What needs to be done:
This calls for a word-for-word copy of all the data, with each picture removed.

(Entries taken from a collection)
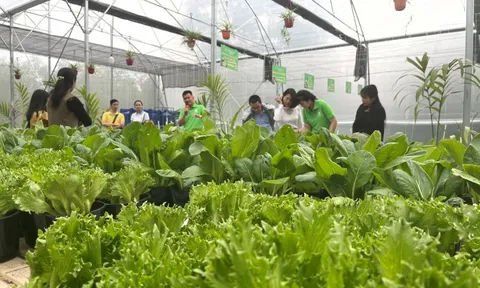 Hueponics ra mắt “Hệ thống rau sạch trồng trong nhà kính bằng công nghệ thủy canh”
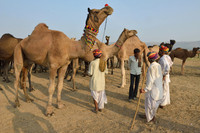 Negotiating the price of a large camel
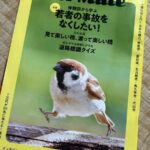 レス2番の画像1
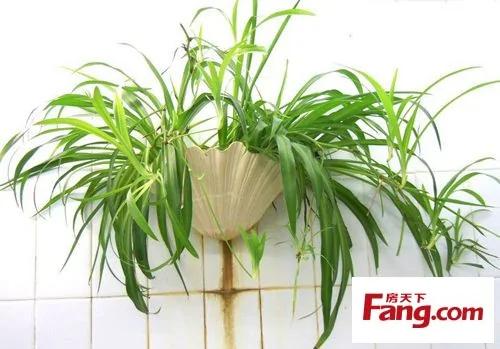 新装修房子放什么植物 18款健康绿植吸醛又净味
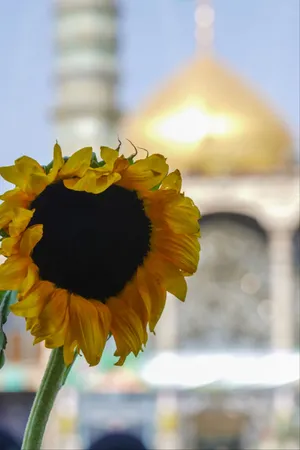 ورود حضرت به قم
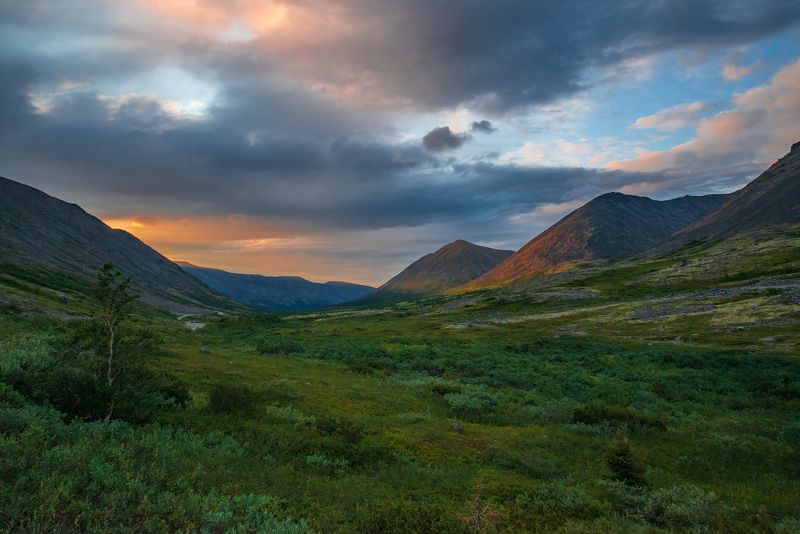 *** фото превью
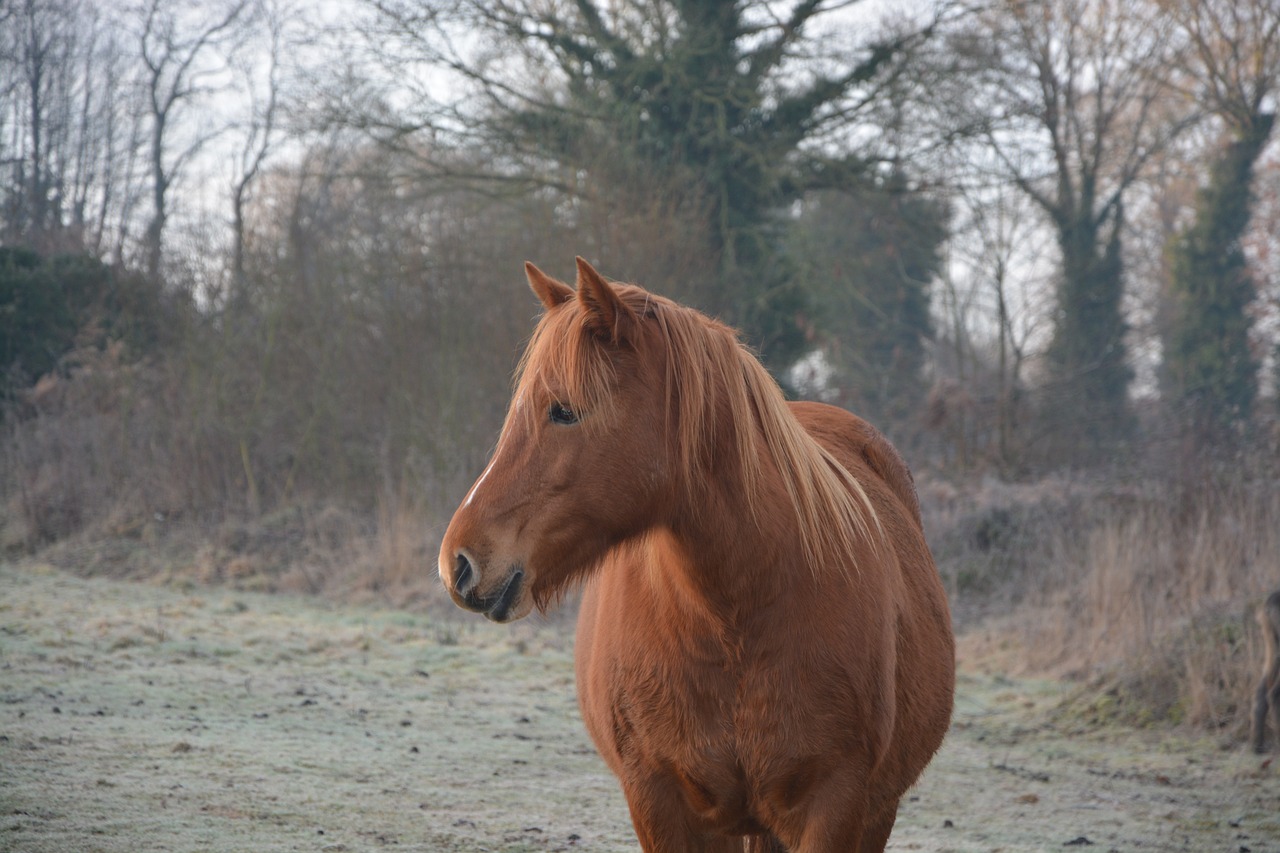 horse profile horse mane free photo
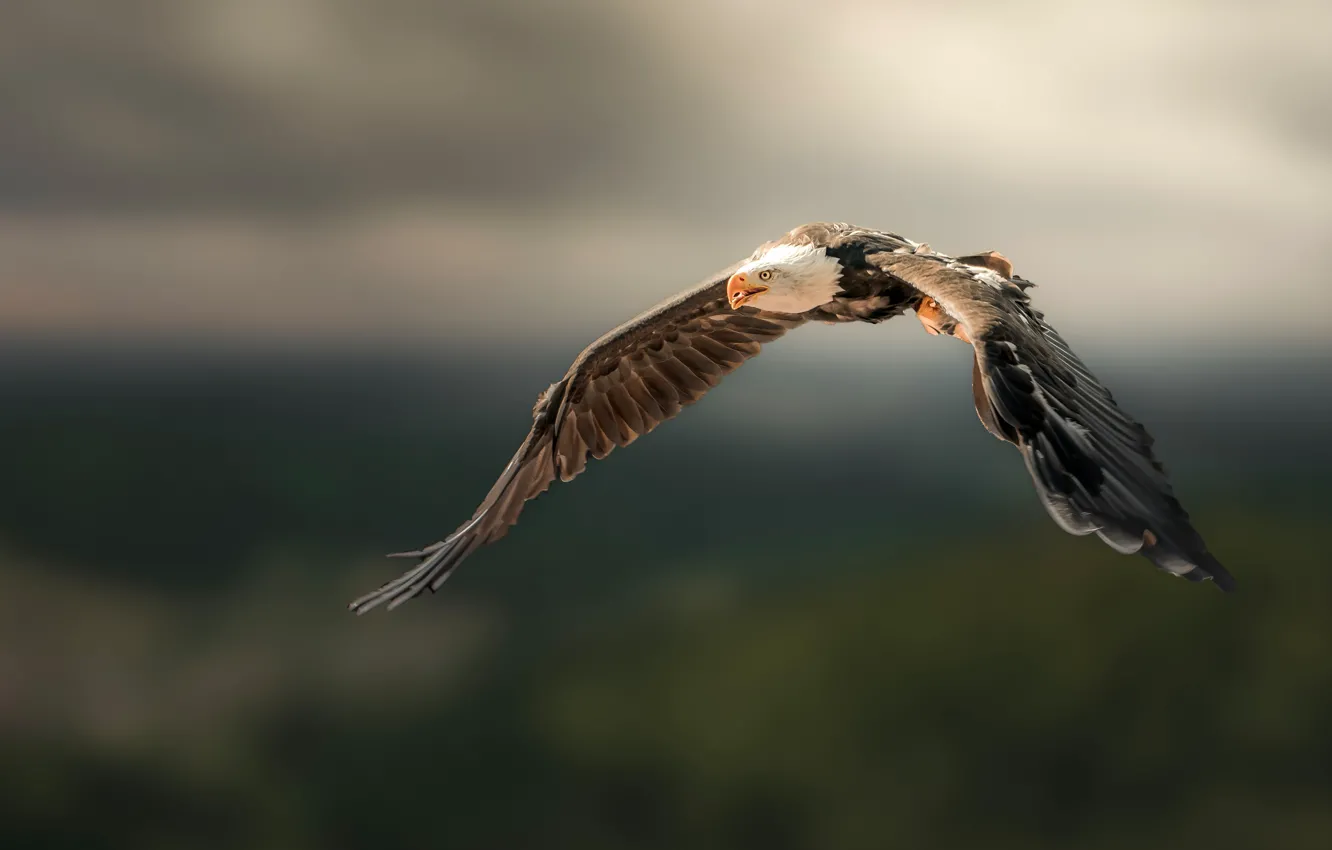Photo wallpaper flight, nature, background, bird, eagle, wings, bald eagle, the scope
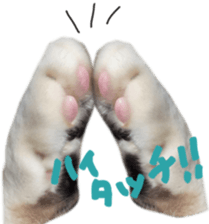 paw of a cat sticker #14080963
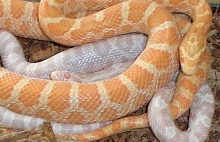 my corns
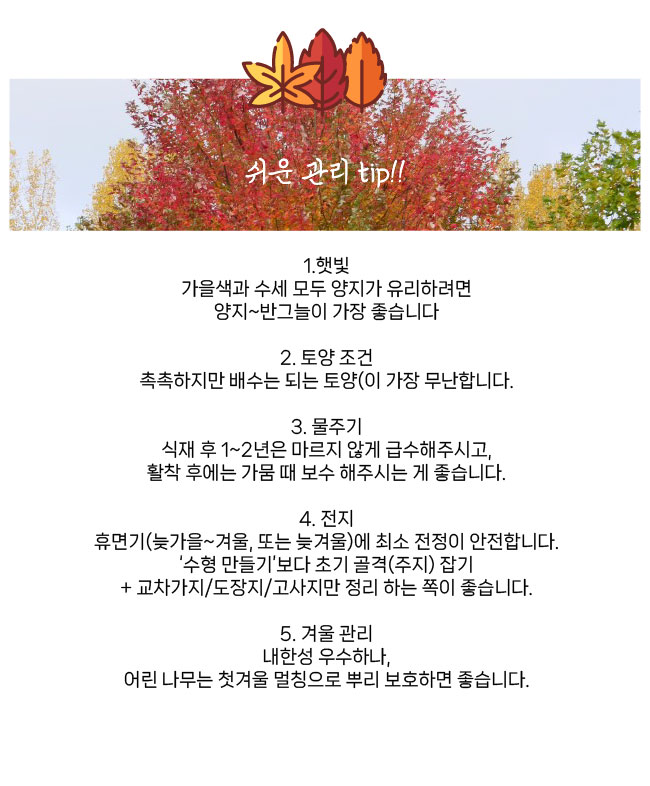 8661a33514c9ce2664c28a1dbd361e3f_1770277635_9751.jpg 8661a33514c9ce2664c28a1dbd361e3f_1770277635_9751.jpg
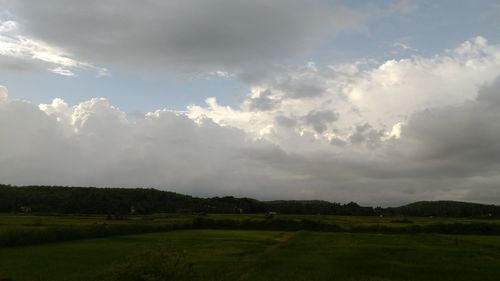 Scenic view of field against sky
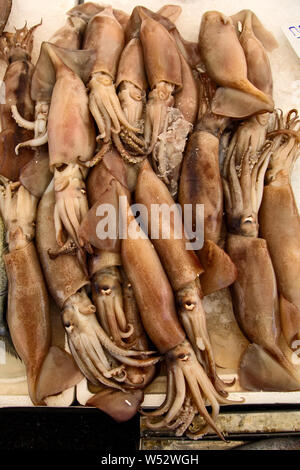 Squid auf dem Markt in Griechenland warten auf Kunden. Stockfoto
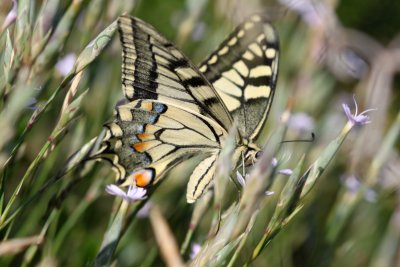 Machaon dans le vent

Worked solution:
 Hueponics ra mắt “Hệ thống rau sạch trồng trong nhà kính bằng công nghệ thủy canh”
 Negotiating the price of a large camel
 レス2番の画像1
 新装修房子放什么植物 18款健康绿植吸醛又净味
 ورود حضرت به قم
 *** фото превью
 horse profile horse mane free photo
Photo wallpaper flight, nature, background, bird, eagle, wings, bald eagle, the scope
 paw of a cat sticker #14080963
 my corns
 8661a33514c9ce2664c28a1dbd361e3f_1770277635_9751.jpg 8661a33514c9ce2664c28a1dbd361e3f_1770277635_9751.jpg
 Scenic view of field against sky
 Squid auf dem Markt in Griechenland warten auf Kunden. Stockfoto
 Machaon dans le vent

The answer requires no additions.